“It emerged out of discussions with my co-writer,” he says. “We discussed various things. What happens when you die? Do your friends really remember you? How does their life change? We were trying to figure out how you could cope with that. That’s how this premise emerged. We have a nurse that ends up standing in for the dead. Where will that lead?”
Though Alps and Dogtooth have no shared characters, the films feel very much like companion pieces. This is the real world, but the environment is also quietly fantastic.
“WelI, having finished the film, I suddenly realised that main character is taking an opposite journey to the similar character in Dogtooth. She is trapped in this place and yearns to get out. But the character in Alps is trying to belong. She is trying to get in somewhere. So there are opposite journeys there.”
And both films are set in desperate, largely unhappy places. It must be an awful pain being a Greek artist in the current climate. Whether you work involves teddy bears or spaceships, interviewers will inevitably get round to wondering if the subtext is really your country’s ongoing economic meltdown. Nothing in Yorgos’s films explicitly references that calamity. But the atmosphere of simmering anxiety does seem appropriate for films created in the midst of crisis.
“I always like to let people think whatever they like. But how the crisis is connected to a film is tricky. Each affects the other in so many ways. Even when you’re the person who made the film, you can’t quite say what influenced it. The films are not about the crisis, but they are made within the crisis. So, the crisis is certain to run through them.”
One is bound to ask the same questions when considering Yorgos’s recent decision to move to London. Born in Athens, he had managed to forge a pretty successful career in the nation’s TV industry. The critical success of Dogtooth then brought him prominence within a certain highbrow elite. Plenty of directors leave home after their first hit. But Yorgos is in a different position. He must know that people suspect him of fleeing the financial maelstrom.
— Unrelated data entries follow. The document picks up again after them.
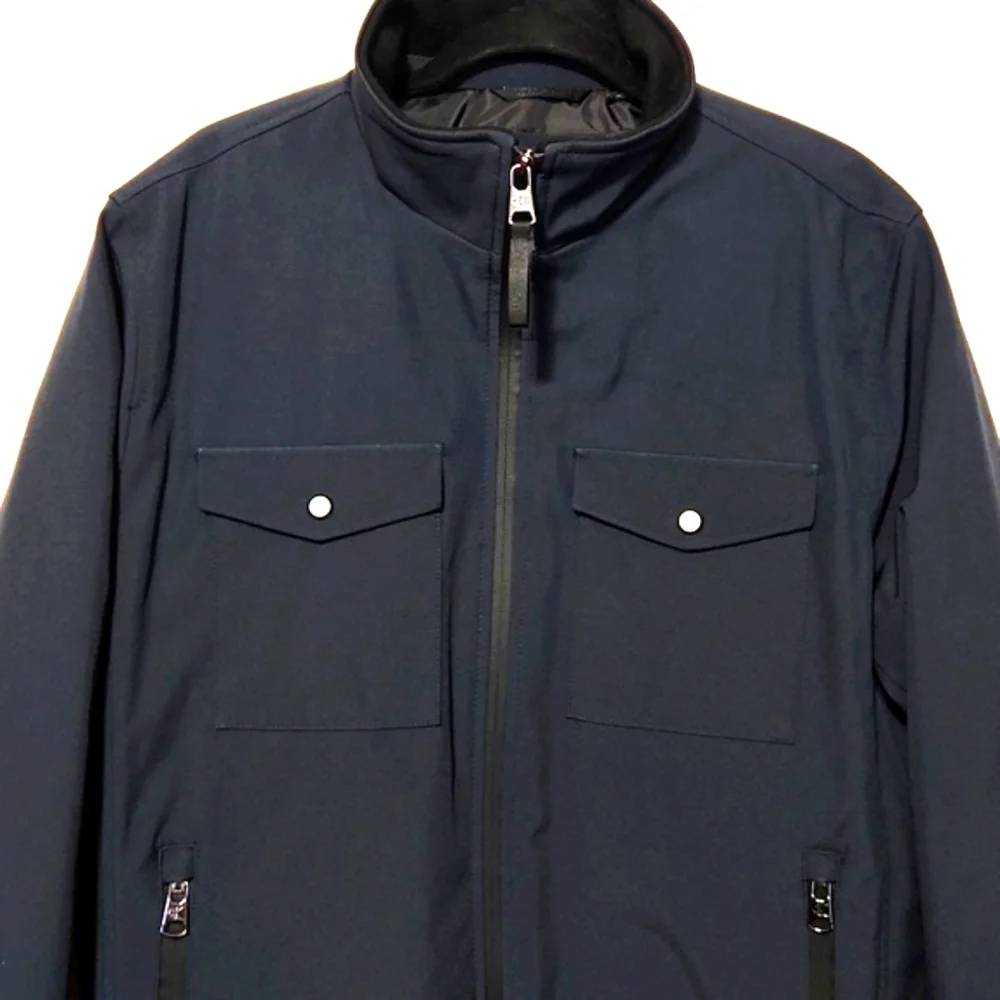 NWT! Calvin Klein Infinite Stretch Water Resistant Bomber Jacket Blue Medium - Picture 8 of 16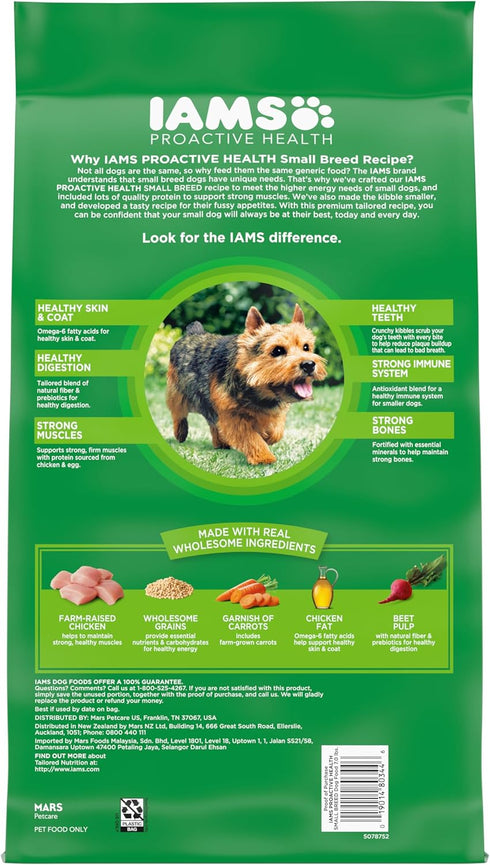 IAMS Small & Toy Breed Adult Dry Dog Food with Real Chicken, 7 lb Bag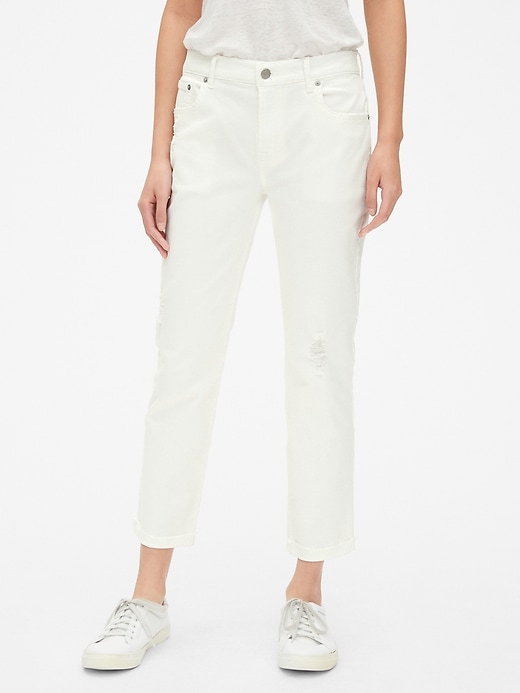 1 of 8 showing, with the color (White) Salt White of product Mid Rise Girlfriend Jeans with Distressed Detail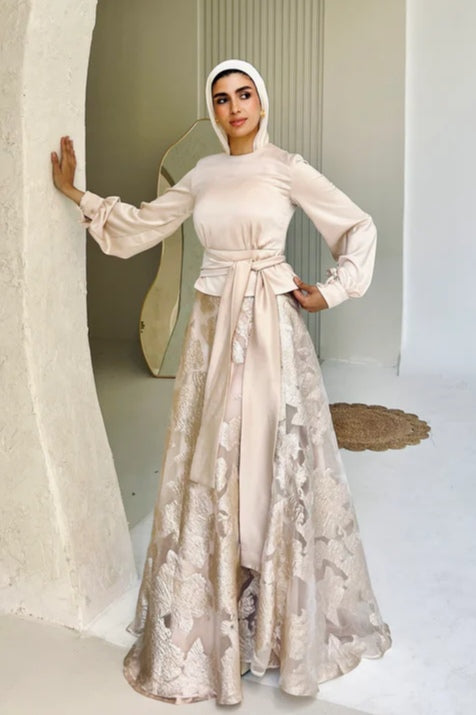 High-Neck Silhouette Maxi Gown-Beige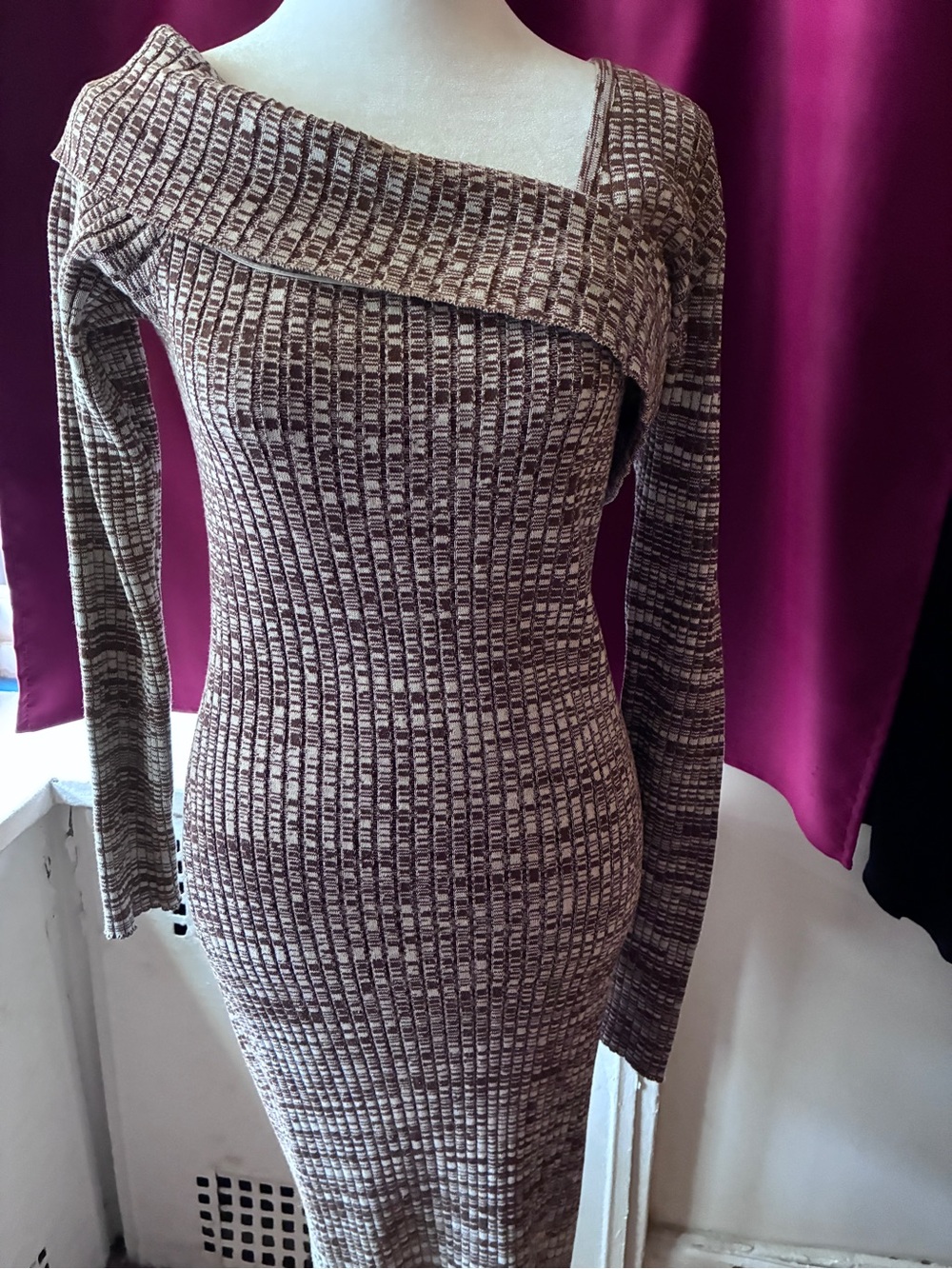 NWT Forever 21 Plus Brown Cream Marled Ribbed Shawl Collar Sweater Dress 0X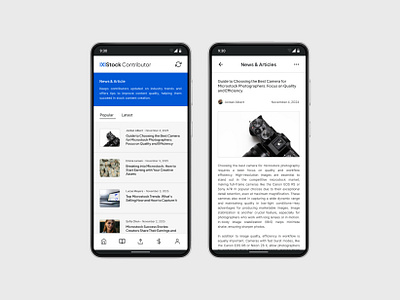 News & Article - Mobile App app design article microstock minimalist mobile news news article news and article page ui ux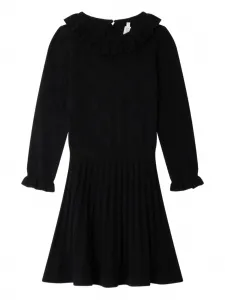 Плиссированное платье с оборками Bonpoint, черный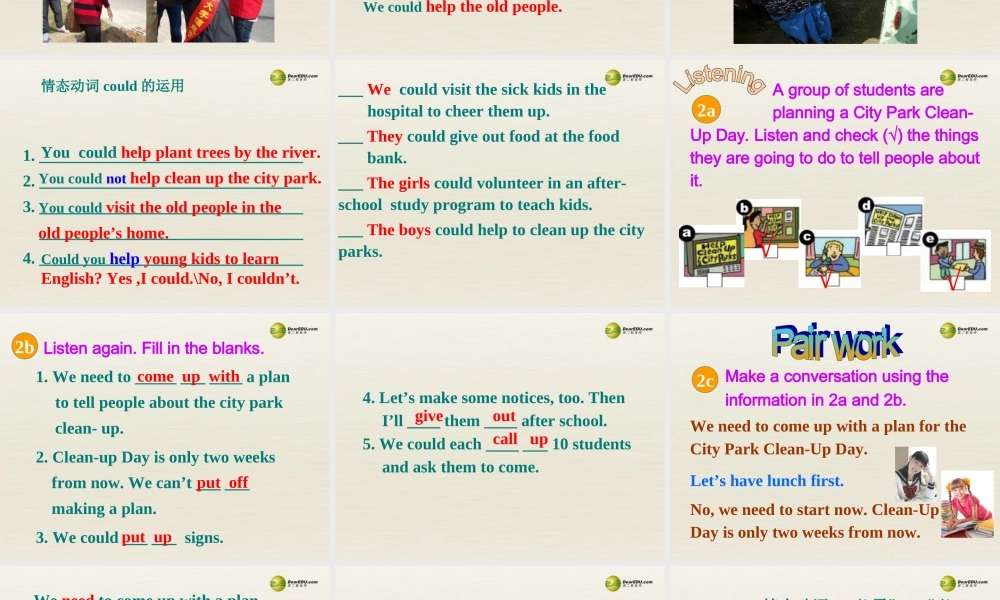 八年级英语下册 Unit 2 I’ll help to clean up the city parks Section A 2a-2c课件 .ppt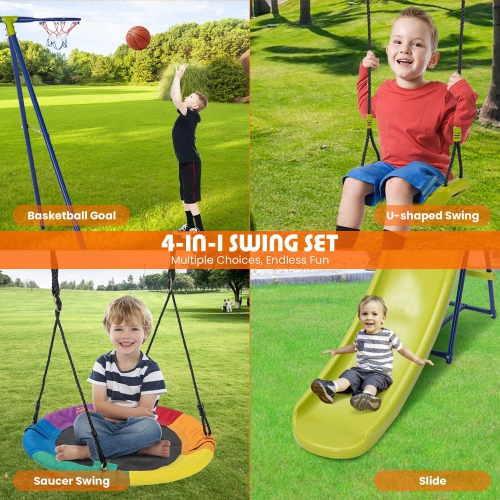 Gymax 4-in-1 Swing Set for Backyard Heavy-Duty Metal Playset for 3-12 Years Old Kids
“Part of that maybe is true. I have been trying to make films in Greece for years and it’s always hard,” he says. “I made three there, but you always want to try other ways. So, it’s not just about the crisis. It’s about trying to evolve new ways of making films. I always wanted to work in a different language. I wanted to do that anyway. I would like to work in languages that I don’t actually speak. But it does help to move away at this time. Things were always bad in Greece. But now it’s much worse.”
But the grim events in Alps do not act as any sort of metaphor for that crisis? The film is largely set among grieving citizens. So, it could be read in that way.